Geçen yıl, aynı grubun bünyesinde yer alan İş Bankası’nın “Atatürk ve çocuk” filmi epeyce bir heyecan dalgası yaratmıştı, hatırlarsınız. Ticari bir kuruluşun reklam filminde Atatürk’ün kullanılmasını eleştirenler de olmuştu, ama eğer başka bankaların da böyle bir hakkı varsa, yani herhangi bir haksız rekabet oluşmuyorsa bence bir sakıncası yok. Tabii dozunda tutmak kaydıyla! Ancak, pek değinilmemiş olsa bile o reklamın amacı, Oyakbank’ın ING’ye satılmasıyla canı sıkılan emekli ve muvazzaf asker mudilerin mevduatlarını İş Bankası’na kaydırmak gibi görünüyordu. Anadolu Sigorta’nın da Türk kadınına yönelik birtakım hesapları olabilir diyeceğim, ama bu filmle o hedef kitlede algı ve davranış değişikliğini sağlayacak bir etkinin doğacağını söylemek epeyce güç.
Algı ve davranış değişikliğini bir yana bırakalım, kuru bir mesaj olarak ne akıyor o tarafa, onu bile kestiremedim. Gerçi genel müdürün, “Bu çalışmayla, Mustafa Kemal Atatürk’ün Türk kadınına verdiği değerden yola çıkarak, onun yolunda ve Türk kadınının yanında olduğumuzu vurgulamak istedik.” şeklinde bir lafı var ama, bu da bir şey söylemiyor.

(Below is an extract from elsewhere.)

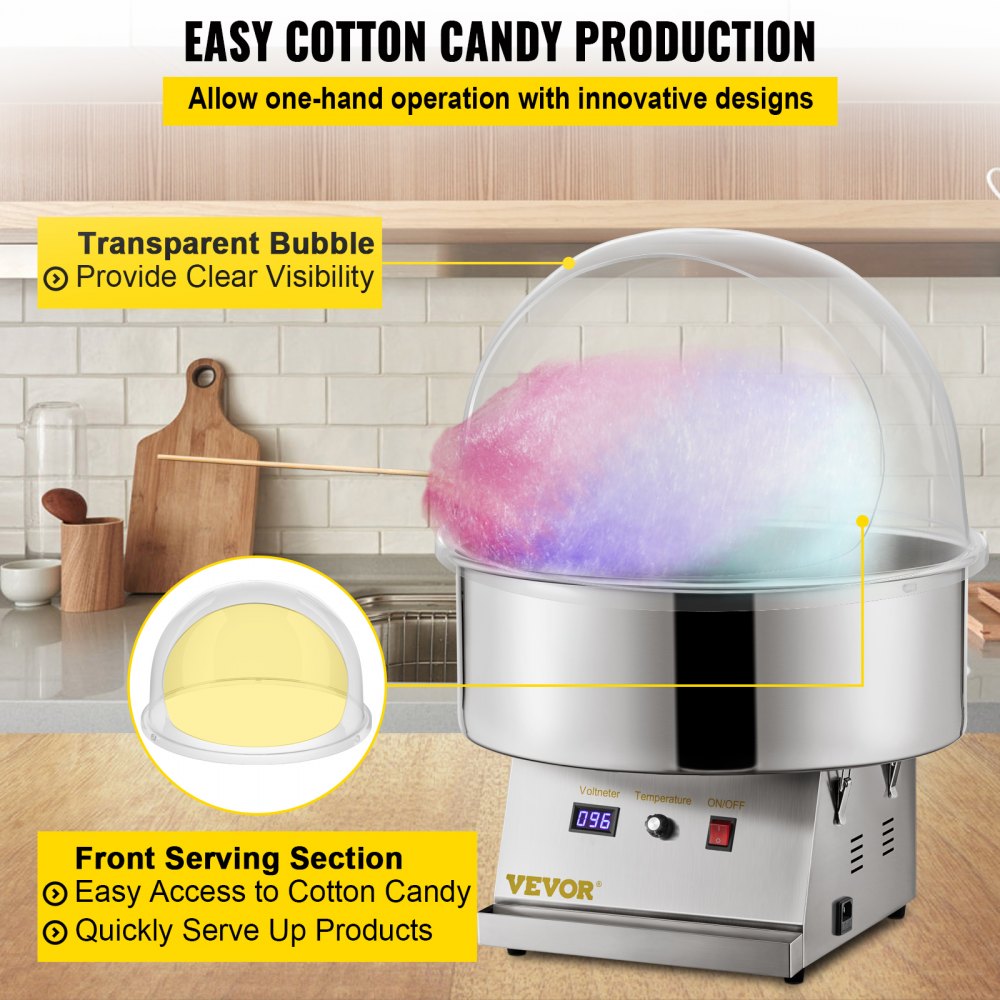 VEVOR 21 Inch Commercial Cotton Candy Machine Cover Bubble Shield Cotton Candy Cover for Cotton Candy Machine, Candy Floss Maker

Belki de Anadolu Sigorta, abisi İş Bankası’nın reklam filmine gösterilen ilginin böyle bir filmle tekrarlanacağını ummuş olmalı.
Anadolu Sigorta’nın işine yarar veya yaramaz, ama buradan bir mesaj akması için, izleyici tarafından “karga”nın bir metafor olarak okunması gerekir. Oysa ilkokuldan bu yana Atatürk’ün yaşam öyküsünü dinleyen herkes, metaforik bir amaç taşıyor olsa bile, bu karga hikayesini gerçek bir olay olarak yerleştirmiştir zihnine... Yani “karga”yı, çok geniş kitlelere uğursuzluğun, karanlığın, geri kalmışlığın, cahilliğin, hatta kara çarşafın metaforu olarak belletmek mümkün değildir. Çünkü, “gerçek bir olay” olarak bellemişlerdir bugüne kadar... Dayının çiftliği çiftlik, bakla tarlası bakla tarlası, karga da kargadır. O kadar!
Metafor çalışmayınca, yani film düz bir okumayla izlendiğinde ne oluyor? Atatürk’e de, kızkardeşi Makbule Hanım’a da, Türk kadınına da, Anadolu Sigorta’ya da, hatta filme de yazık oluyor.
Sonuçta, bu yapıştırma ve sentetik yaklaşımın aktardığı mesaj, “O, Türk kadının gücüne her zaman inandı. Çünkü Türk kadını çok iyi karga kovalardı.” oluveriyor.